Shane Walsh’s sublime piece of skill adds to sweet Tullamore memories

Young Galway forward improving by the day ahead of Croke Park clash with Kerry

The    gorgeous piece of skill from Shane Walsh for his first-half point spread like wildfire on social media.  Photograph: James Crombie/Inpho

The gorgeous piece of skill from Shane Walsh for his first-half point spread like wildfire on social media. Photograph: James Crombie/Inpho

Tue, Jul 29, 2014, 12:00

Tullamore will live forever in my mind as the place where I stole a prized piece of confectionery from the grasp of Brian Cowen. In May 2011, I was reporting on the Leinster championship first round game between Offaly and Wexford in Tullamore. At half-time I went for a restorative cuppa, only to get to the press box refreshments stand at almost exactly the same time as our famed former Taoiseach.

He looked at me. I looked at him. He looked at the last slice of chocolate swiss roll. I transported the delicacy from the plate to my mouth with all the speed and deadly intent of a jungle tiger. He may have been a recently deposed leader of our democracy, but as anyone will tell you, the queue for the cake stand in a GAA press box is no democracy. Offaly’s most famous political export seemed to intuit this, and he bore me no ill-will.

I could almost taste my ill-gotten bounty when I walked through the gates of Tullamore on Saturday evening for the football qualifiers double-bill. As a Galway fan, I travelled in moderate levels of expectation that for all of Tipperary’s recent good form in the qualifiers, we might have enough up front to do the business, and that’s how it panned out – although not without a few scares along the way.

The manner of the last quarter Galway goal giveaway does not fill one with hope ahead of facing James O’Donoghue and company on Sunday in Croker.
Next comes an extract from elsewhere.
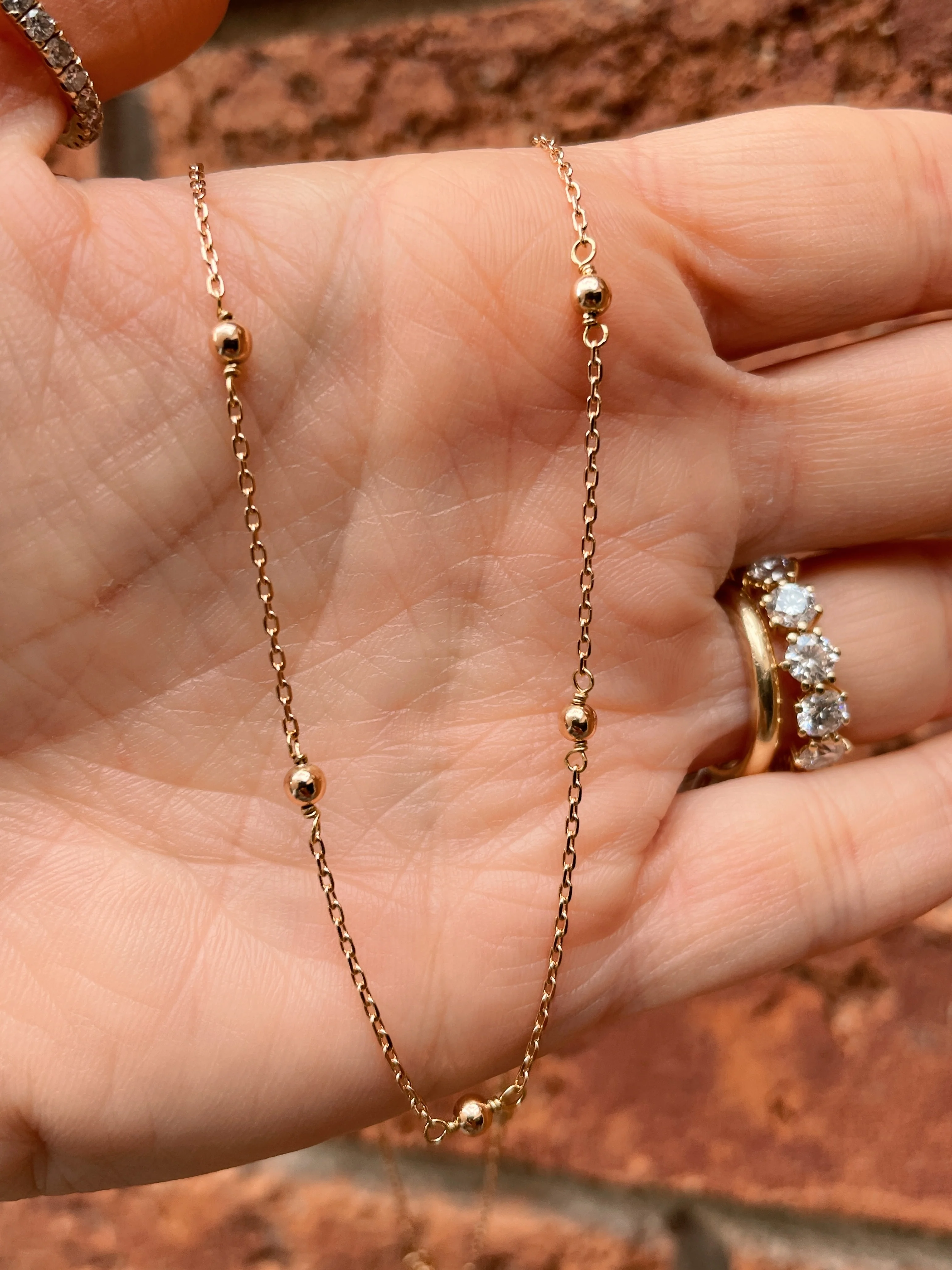 19.25k Yellow Gold Station Ball Necklace - Image 4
Retreating to one’s own 21-yard line and defending from there isn’t a great plan to begin with, but the idea would be that, having set up that cordon, you would then at least make your presence felt. Galway had two options – to tackle, or to foul. They did neither, and nearly got embarrassed.

Notwithstanding that, the four goals scored at the other end provided Galway with a lead that they were never going to relinquish, and the option-taking by our inside forwards was so much better than it had been in the Connacht final. Michael Martin is known as one of the deadliest finishers in Galway club football, but he had a hand in three of the four goals, while Danny Cummins cut down on the wides, and continues to win an ocean of ball – if he took the right option more often, he would be a real asset to this Galway team.

My Second Captains compatriot – and bulwark of the Irish Times sports section – Ken Early, once described Neymar as the first YouTube footballer. Could Shane Walsh be something similar in the GAA universe? Having watched that gorgeous piece of skill for his first-half point – killing the ball dead with his right foot from a mis-hit Paul Conroy 45, before turning and lashing it over the bar with his left – in the flesh, I only hoped that the TV cameras would do it justice.